I think the checks and balances of a classically liberal republic are very scalable for large as well as small communities. It is ultimately all about the protection of negative rights (life, liberty, property, due process) and the enforcement of contracts.
I wish American Diplomats with balls and confidence in their country's political structure would push such a model on Kosovo. It might fly there, given the overall hysterical love for everything American.
"Maybe they do need a Tito type, a sort of constitutional monarchy."
That, though, is not only a far inferior solution, but there is no chance in hell it will happen in Europe at this day and age, especially in Kosovo.
Franklin has some amazing quotes. Him and Jefferson are my all-time favorite Americans.
Posted by: medaura"Kosovo Albanians don't have any history of aggression toward their Balkan neighbors."
No, but Kosovo still must defend itself against aggression, so you can't ignore the military question. Can NATO do this and for how long?
And, yes, a republic is all about protecting the liberty of individuals, but that includes defense too.
Perhaps Karzai is a better example than Tito. He is elected, answers to two houses of parliament and a judiciary, but he is clearly more of the statesman or aristo class. He's a professional, in other words, not a demagogue, and governs within the law, not above it, not matter his popularity. The checks and balances imply a US-type system; maybe this would work in Kosovo as well.
Posted by: PJTerrific reporting, thank you.

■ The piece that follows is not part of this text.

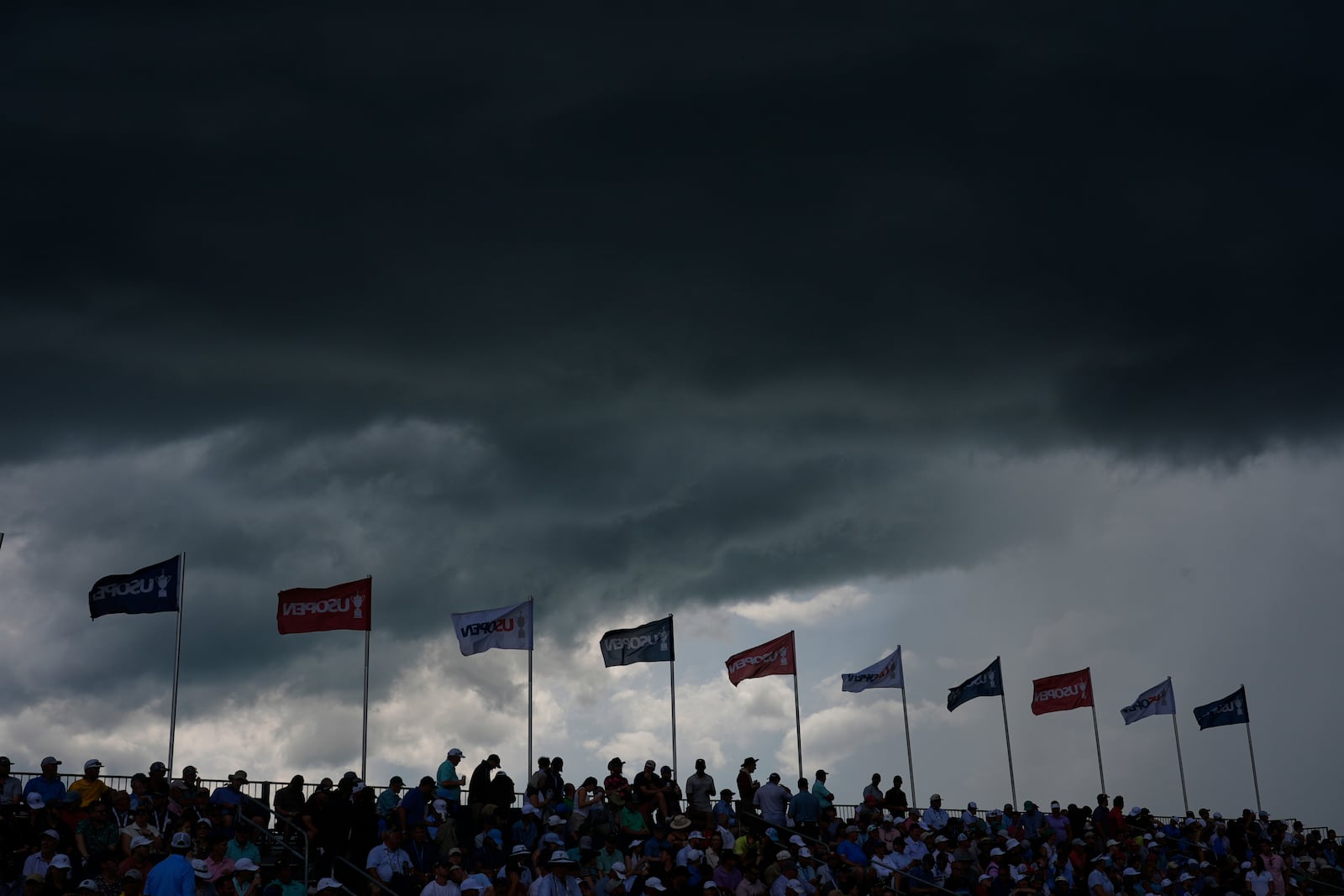 Storms clouds hang over the grandstand overlooking the eighth green during the third round of the U.S. Open golf tournament at Oakmont Country Club Saturday, June 14, 2025, in Oakmont, Pa. (AP Photo/Carolyn Kaster)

"But a state like Kosovo, half the size of Germany, which is smaller than Wyoming, may be in need of other solutions. PJ
Percisely, and that's something that is not being roundly considered. After all, the term "Balkanization" implies something deleterious for a reason, a set of reasons, and the full force of that is not often allowed to register.
Posted by: Michael_BHa!
Kosovo is MUCH smaller than half the size of Germany. It's more like, half the size of Albania, which is itself about one eighth of the size of Germany.
Size has nothing to do with it though. You have tiny states like Monaco or Luxemburg, which precisely because of their size, never had any illusions of colonialist expansion (military spending), and became prosperous and attracted wealth as free trade low taxes islands within Europe.
Though Kosovo does not have the luxury of forgoing self-defense measures, given Serbia's chauvinistic rhetoric "Kosovo is and always will be Serbia".
Michael_B:
Percisely, and that's something that is not being roundly considered. After all, the term “Balkanization” implies something deleterious for a reason, a set of reasons, and the full force of that is not often allowed to register.
What do you think is inherently deleterious in the formation of new states, be it also in the Balkans, and how do you think it applies to the issue of Kosovo specifically?
Posted by: medauraMichael and Kejda,
I am sorry to say that it is you, NOT me that has misread the report and you are selecting the one paragraph of the arguments section to support your claim.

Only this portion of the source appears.